Does this actually waste power? A lot of people's intuition about what wastes power with cpus is wrong. Usually it is best to light up all the tricks, heat the cpu up, finish the work, then go back to sleep. If branch prediction helps you get back to sleep sooner, it is probably a net win.

dragontamer · on Nov 27, 2019

My understanding of CPU-physics is as follows:

https://www.ti.com/lit/an/scaa035b/scaa035b.pdf

Page 4 (page8 in PDF):

> P = C * V^2 * f * N

Power-used = Capacitance * Voltage^2 * Frequency * Number of Bits flipped

This equation roughly holds for all CMOS circuits, from the 1970s through today's CPUs. Smaller transistors result in smaller capacitance, which is what led to Dennard scaling for the past 40 years. Otherwise, the physics are the same.

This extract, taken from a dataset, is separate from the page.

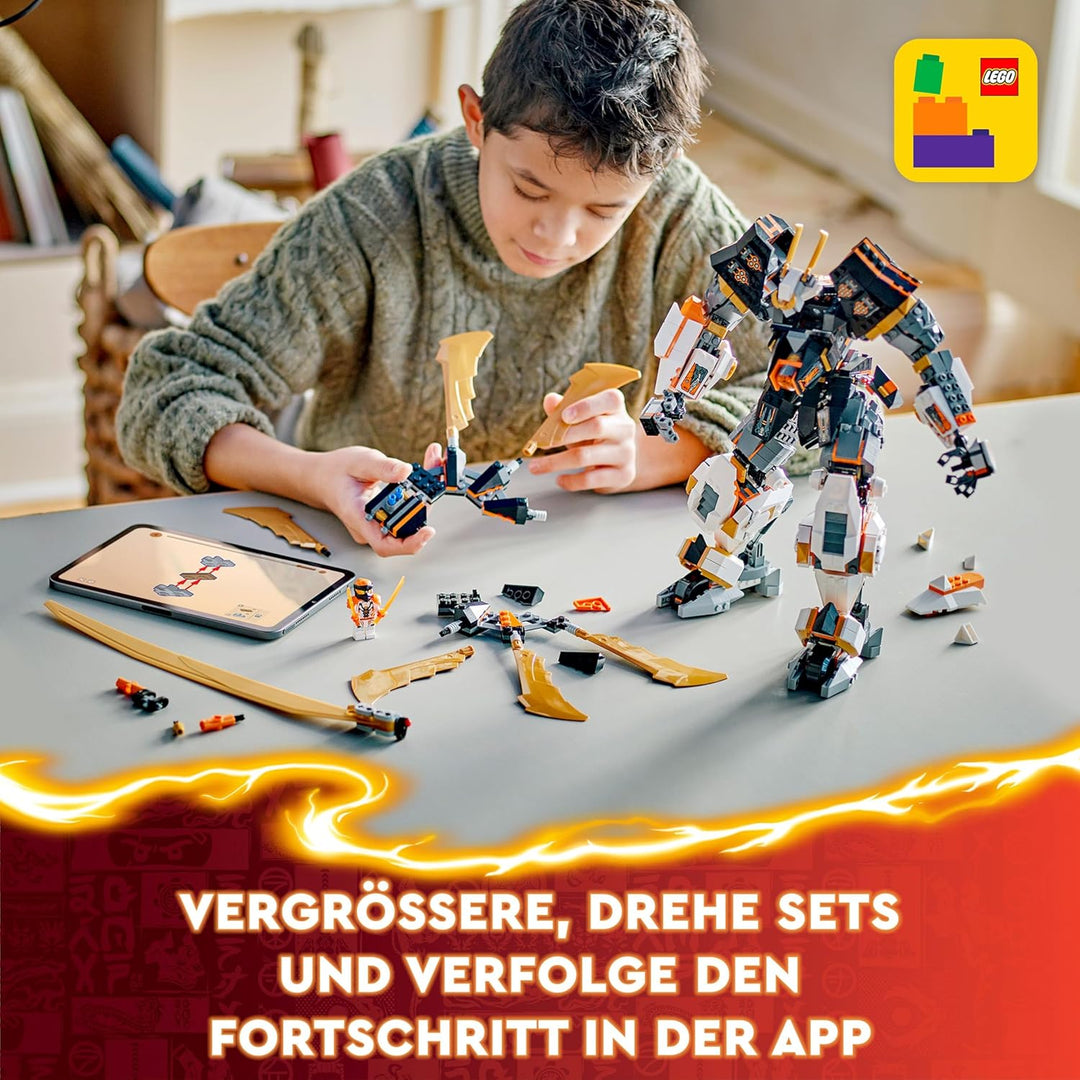 Lego NINJAGO Coles Titandrachen-Mech, Abenteuer Spielzeug für Kinder, Ninja Spielset mit 1 Minifigur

Static-power consumption in CMOS is theoretically zero, and measured to be femto-amps. Static power consumption can therefore be ignored, only dynamic power matters in the real world.

Assuming the same transistor size (aka: capacitance), you can see that power use is most strongly determined by voltage. Another note: higher frequencies (say 3GHz or 4GHz) requires more-and-more voltage to sustain.

A mobile chip drawing 1/2 voltage at 1/2-frequency will have 1/8th the power consumption but take 2x longer to complete a task. Overall, you have 1/4th the power consumption used.

----------

This is why servers reduce frequency and voltage and save on power in practice.

dannyw · on Nov 27, 2019

As another example, many cryptocurrency miners undervolt their cards to get better performance per unit of energy.

gpderetta · on Nov 27, 2019

all mobile cpus (at least those worth using) do exactly the same thing.

ncmncm · on Nov 27, 2019

Very often I see false tradeoffs attempting better latency. When the system is on top of things, sure, go for latency. Once there is any backlog, favoring throughput gets you better latency too.

crdrost · on Nov 26, 2019

Joel on Software gave a better illustration of this a while back in talking about the dangers of multitasking; he said imagine that you have no task-switching penalties but have to perform two tasks A and B which are in theory 100 units of time each. If you perform them serially, you get the result for A at time 100 and the result for B at time 200; if you perform them in parallel switching between them, you get the benefit that at time 51 you can show both of the recipients that you are 25% complete, but you deliver A at time 199 and B at time 200. B gets the same result; A gets a strictly better result, by not multitasking. If you imagine that your reputation is proportional to the average of the inverses of your times-to-completion, your reputation is 50% better in the first case due to the 100% improvement on half of your deadlines; if you had done the same nonsense with three parallel tasks your reputation would be 83% better or so.

With that said it seems, I don’t know, like something is missing? Throughput in these project-engineering contexts is little more than the plural of latency; improving latency usually works to improve throughput. So it would be nice to figure out what the actually-perpendicular vector is, given that these two so often go hand-in-hand.

I'd then want to think about situations where you could up-front invest in building a clean piece of software that is dynamic and highly-adaptable later (big wait, then lots of features can be delivered faster) vs. a clunker that was slapped together ad-hoc in order to immediately meet business needs, and it shows (immediate results but every new feature takes longer and longer).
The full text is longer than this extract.